Home Business Vodafone-Telecel deal generates mixed feelings among Ghana staff

Vodafone-Telecel deal generates mixed feelings among Ghana staff


Vodafone Ghana staff are said to be experiencing a mixture of anxiety and confidence about their future in the company following the announcement of the conditional approval of the deal to sell 70% of the business to Telecel Group.

The National Communications Authority (NCA) on Monday announced that it has given conditional approval for Vodafone Group to sell its 70% majority shares to Telecel, while government continues to keep the 30% minority shares.

Initially, the NCA refused to approve of the sale because it said the deal did failed to meet some regulatory requirements. Additionally, the sector Minister, Ursula Owusu Ekuful said Telecel did not have the technical and financial muscle to man Vodafone Ghana.

Subsequent to that, both the buyer (Telecel) and seller (Vodafone) have presented further and better particulars to the NCA and the regulator said it now satisfied, hence the approval, with some conditions.

Whereas it is still not clear what the conditions are, some current staff of Vodafone Ghana have been telling Techgh24 on grounds of anonymity that the enormity of the announcement alone has made many employees anxious but they are also confident that the sale is for the better.
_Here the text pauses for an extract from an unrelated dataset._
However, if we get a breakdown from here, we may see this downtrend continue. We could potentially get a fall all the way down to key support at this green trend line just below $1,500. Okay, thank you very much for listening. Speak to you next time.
“I mean in truth, many employees are a little anxiou, and considering the enormity of the news, it’s understandable. However, I think this is probably a good turn of events,” one worker said.

In explaining why they are confident about the sale, the worker said “Telecel will come with much needed investment at a time when we really need it as a company. It’ll give us the opportunity to upgrade our systems and expand our coverage, especially now that national roaming is greenlit with MTN.”
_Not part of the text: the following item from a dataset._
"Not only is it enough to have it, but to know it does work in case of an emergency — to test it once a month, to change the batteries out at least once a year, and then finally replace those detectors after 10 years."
Another staff member said in terms of job security, assurances are in place to protect staff and there has been no mention of redundancies or layoffs.

But sources from London have told TechGh24 that there have been some discussion about job cuts in Ghana, particularly since Telecel is inheriting the liabilities of Vodafone, which is estimated to be over GHS500 million.

However, the workers are confident that job security is very likely to be one of the key conditions for the approval of the sale so in the short-term – at least over the next two years – they are sure there will no job losses. But in the medium to long-term Telecel might want to achieve a certain level of efficiency through staff leanness.

One worker, who sounded a bit more political in her outlook, noted that the sitting government would like to avoid the AirtelTigo redundancy fiasco, so they would like Telecel to keep all the current workers at post, at least until they are out of power in 2024.

”Maybe job cuts will start from 2025. But that is even speculative,” she added.


The workers however expect to see some changes at the top sooner than 2025.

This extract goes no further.